The Information: Meta has reportedly limited engineer use of Claude Code and Codex because rival model outputs could contaminate Meta’s own AI training data and create contractual trouble with Anthropic and OpenAI.
Distillation risk starts when a new model of Meta learns from another model’s outputs (from OpenAI or Anthropic), so even accidental reuse of Claude or Codex answers could look like Meta extracted capability from competitors rather than built it alone.
OpenAI’s terms bar using output to develop competing models, and Anthropic says its terms do not allow Claude outputs to train models competitive with Anthropic’s own systems.
Both OpenAI’s and Anthropic's terms bar using output to develop competing models.
IMO, the safest strategy could be ingredient tracking: use rival tools for ordinary productivity only when outputs are barred from model-training pipelines, evaluation sets, benchmark generation, post-training data, reward-model data, and internal datasets that later feed model development.
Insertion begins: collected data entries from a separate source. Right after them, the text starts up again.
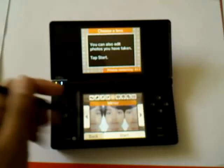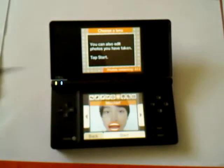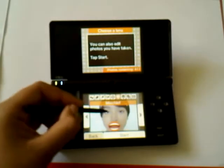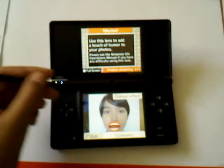Okay, you have chosen the mischief lens. Let's take a look at it.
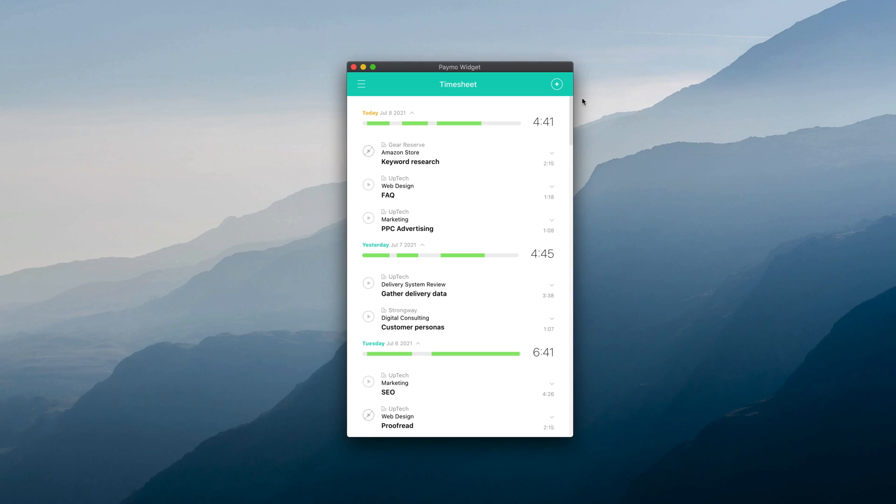Welcome to Paymo. In this series of updates, we're covering a feature that will help you apply the Pomodoro Technique in Paymo.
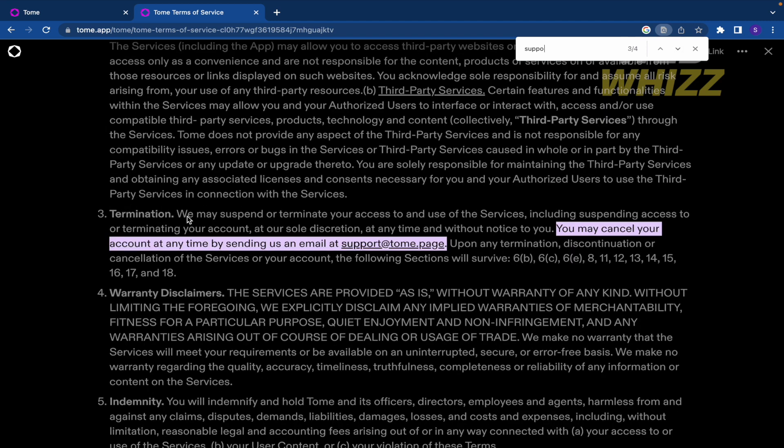We may suspend or terminate your access to and use of the services, including suspending access to or terminating your account at our sole discretion, at any time and without notice to you.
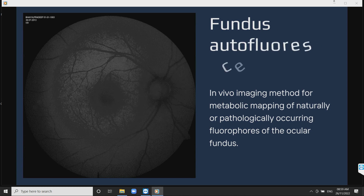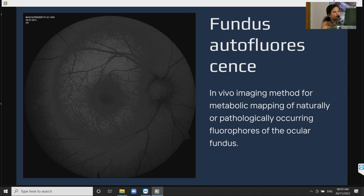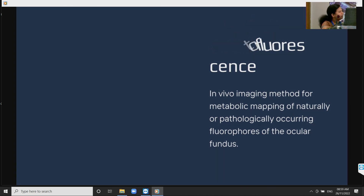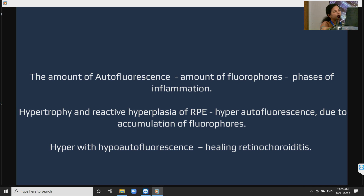Now comes fundus autofluorescence — it is an in vivo imaging method for metabolic mapping of naturally or pathologically occurring fluorophores of the ocular fundus. The amount of autofluorescence depends on the amount of fluorophores, which again depends on the phase of inflammation. In the active phase it will be hyper-autofluorescent due to increased fluorophores, and in the healed stage it will be totally hypo-autofluorescent.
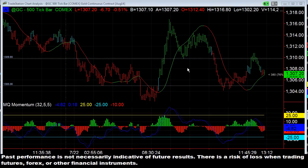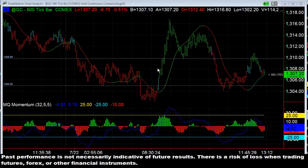Hey there, everybody. Thomas Wood with valuecharts.com, and today we're going to take a look at gold, and more specifically a couple of different trade opportunities we pointed out in this market earlier today in the Futures Trading Room — both of them short. We also had a long opportunity pointed out here with a bull flag off of a change in the 500-tick momentum trender, but the ones we want to talk about are breaking support levels and how these worked.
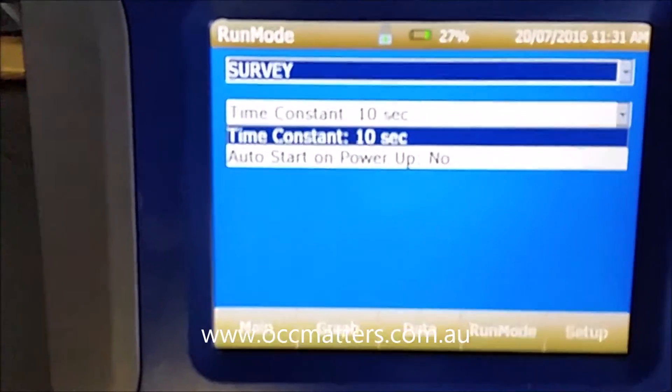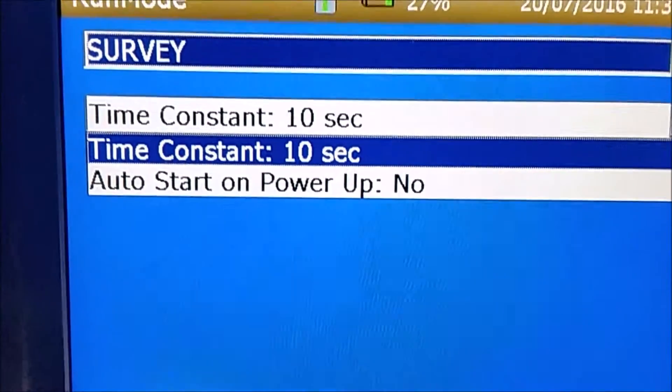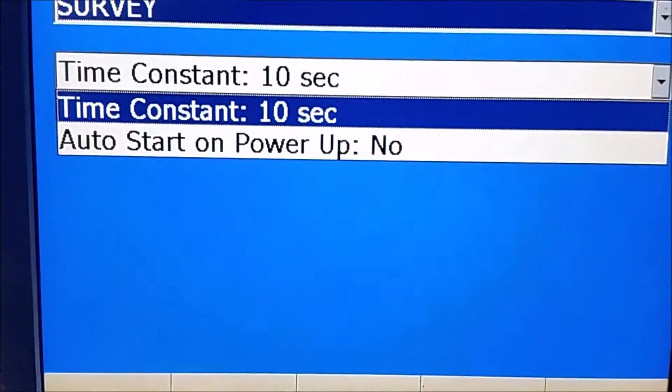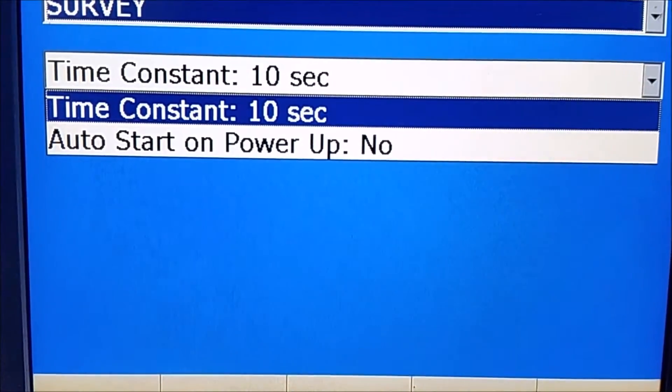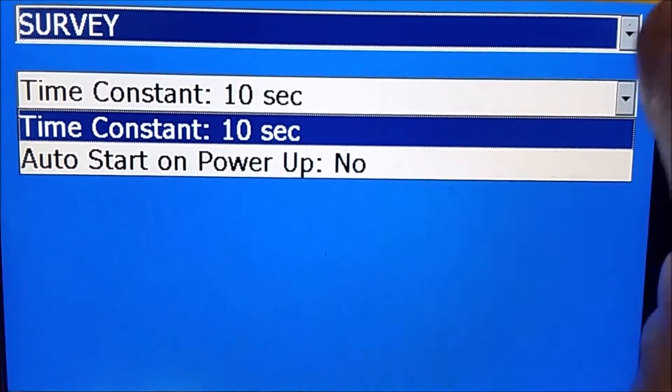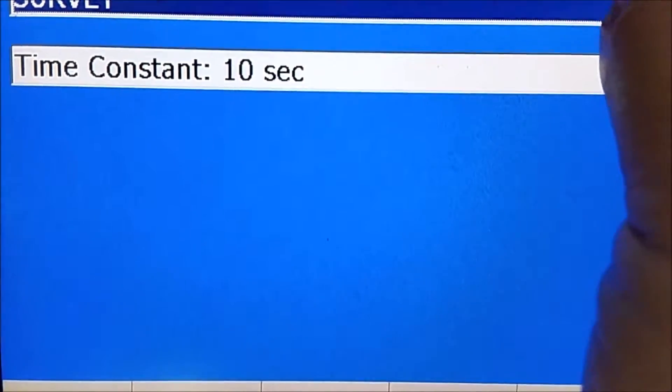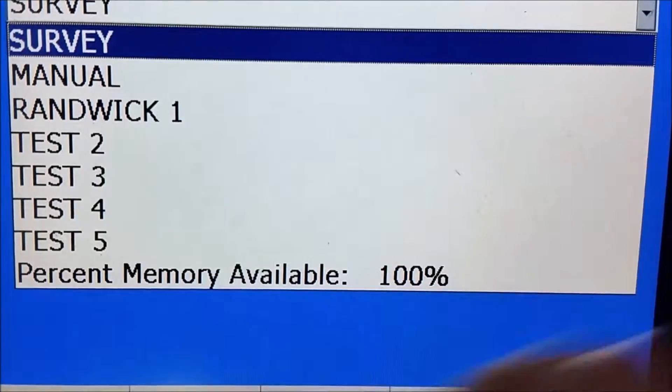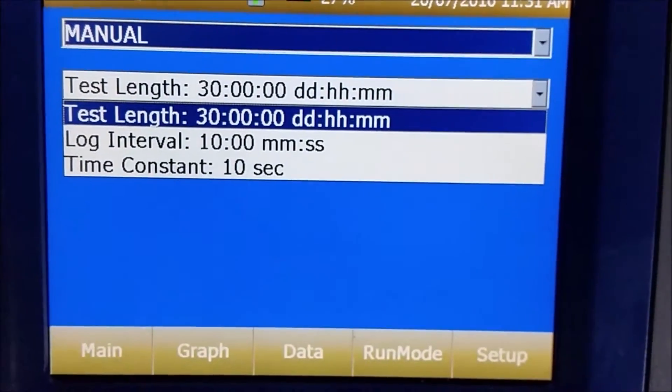If you actually want to use the equipment to save the data over a 24 hour period, you can actually go into manual mode.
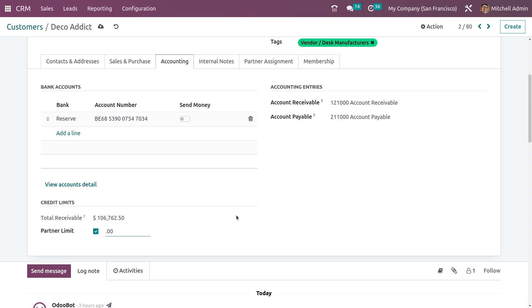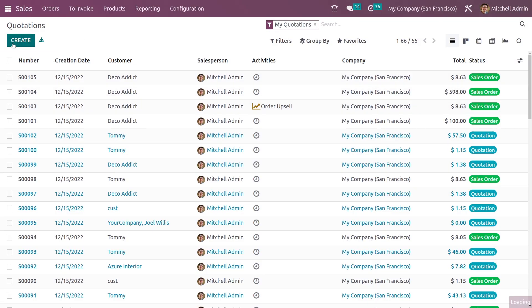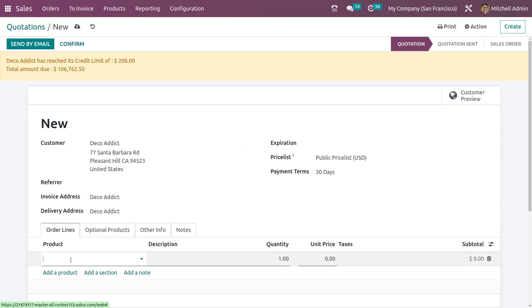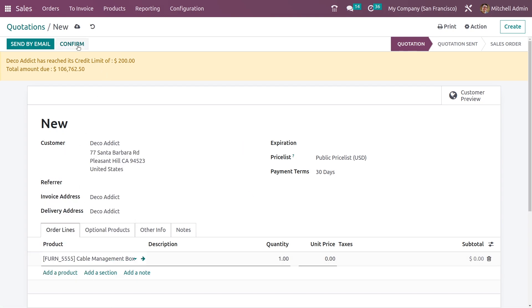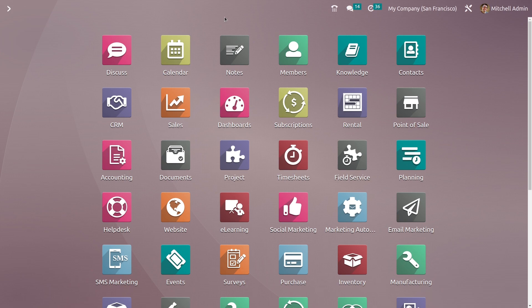And you can see it is shown as 100 because we have set the default partner limit as 100. And if you change the limit to 200 and save the settings, then go back to the sales order and create a new quotation for the customer, you can see the credit limit has changed to 200. So this is how you set the credit limits for the customers. This is the new feature in Odoo 16 where you can specify the credit limit for each and every customer during the sales order.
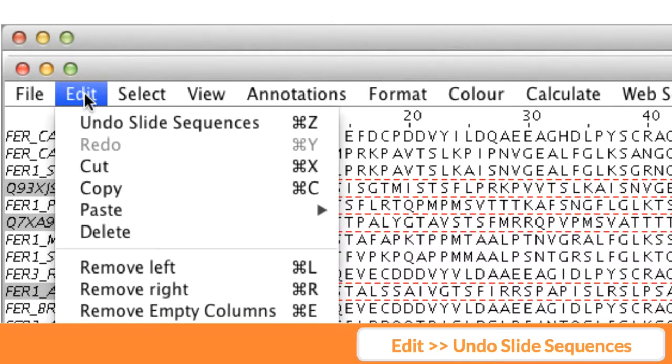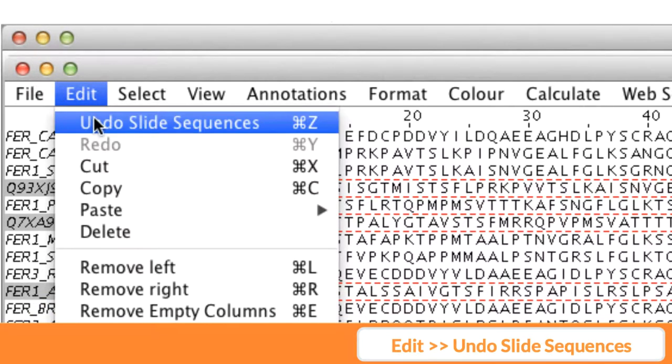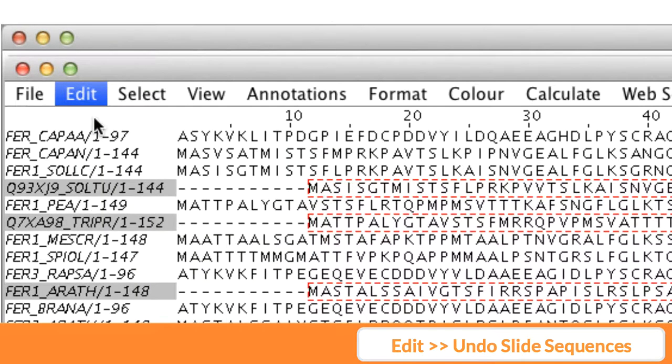This editing can be undone by going to the Edit menu in the alignment window and selecting Undo slide sequences.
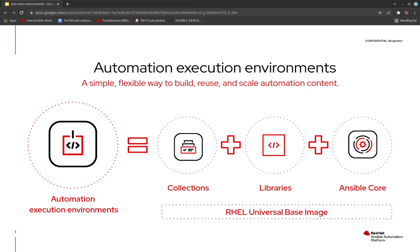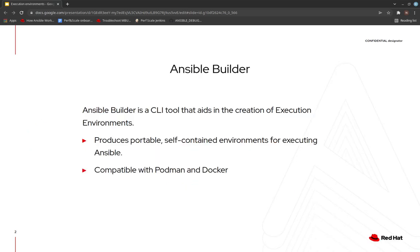Execution environments are container images which you can publish on any registry, and then anyone else can just download the execution environment and use it in AWX. It gives consistency and the nice portability that comes with containers. Those are the two major problems we are solving by moving from virtual environments to execution environments. The question then becomes: how do we create this execution environment, this container image? There is a tool called ansible-builder, which is also part of Ansible now, that you can use to create execution environments.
Of course a strong lawsuit usually needs much more ugly facts like: mass scraping, fake accounts, rate-limit evasion, automated extraction, direct use of outputs as training labels, or internal records showing the buyer knew it was cloning a rival system.
In this situation, som of the typical safeguards are clean-room rules, approved enterprise accounts, no consumer accounts for sensitive work, training-data provenance logs, dataset quarantine, prompt and output retention, automated scanners for “AI-generated by vendor X” material, and access controls separating coding-agent work from model-training data.